Whether as politicians, spiritual leaders, financial gurus, impostors or just plain hustlers, the following men and women distinguish themselves as con artists for the ages.
How charismatic, brazen and lucky was this American con man? In the 1960s, Abagnale successfully passed $2.5 million in forged checks, he assumed more than half a dozen different identities (including a doctor, an airline pilot and a lawyer), and he twice escaped from police custody. Abagnale did all this between the ages of 16 and 21. When he was brought to justice, he served fewer than five years in prison after which he became a consultant to banks and the FBI. His job: to identify check frauds and con men.

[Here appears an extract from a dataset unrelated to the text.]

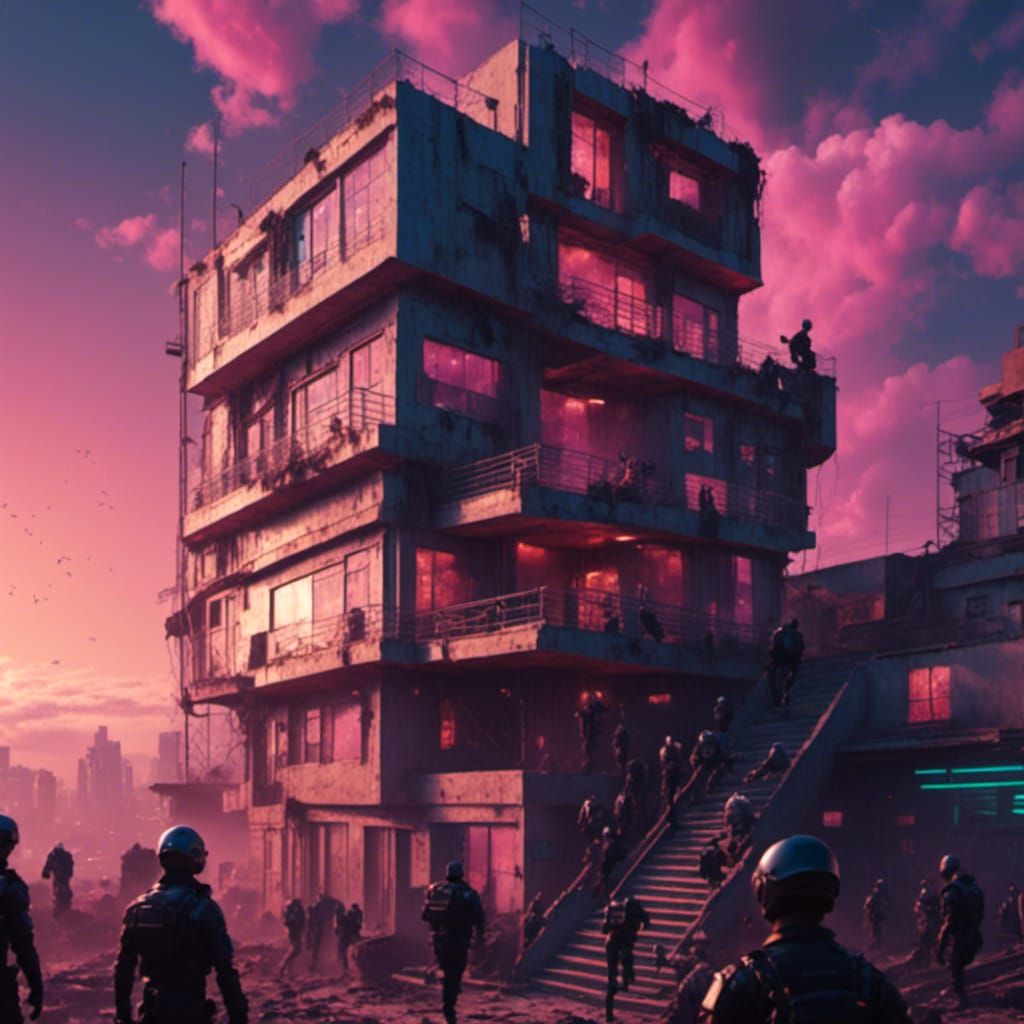 Couple Leaps from Building in Cyberpunk Style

Today, Abagnale is a legit millionaire, and his life story served as the inspiration for “Catch Me If You Can.” Leonardo DiCaprio played him in the movie. In short, Abagnale proves that crime can pay.
Anna Anderson (b. December 16,1896 – d. February 12, 1984)

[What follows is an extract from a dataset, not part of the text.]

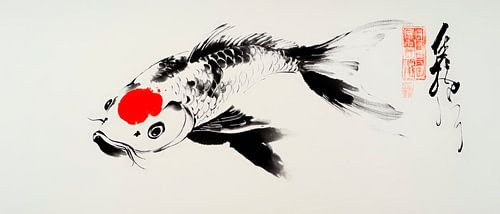 Koi-Fisch in Tuschezeichnung – Elegant und Schlicht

Many people might act like they're royalty, but few go so far as to make an official claim to a sovereign crown. Following her release from an asylum in 1921, Anna Anderson insisted that she was the Grand Duchess Anastasia of Russia. Were her assertions unfounded? Yes, but a crown princess of Prussia, a baron and a host of other displaced royal servants and nostalgic aristocrats believed Anderson, who profited handsomely off the fiction. For decades, one affluent patron after another bankrolled Anderson. She even married a man who was convinced of her imperial lineage. Talk about a long con. Until her death, Anderson stuck to her story: she was the youngest daughter of the last Tsar and Tsarina of Russia.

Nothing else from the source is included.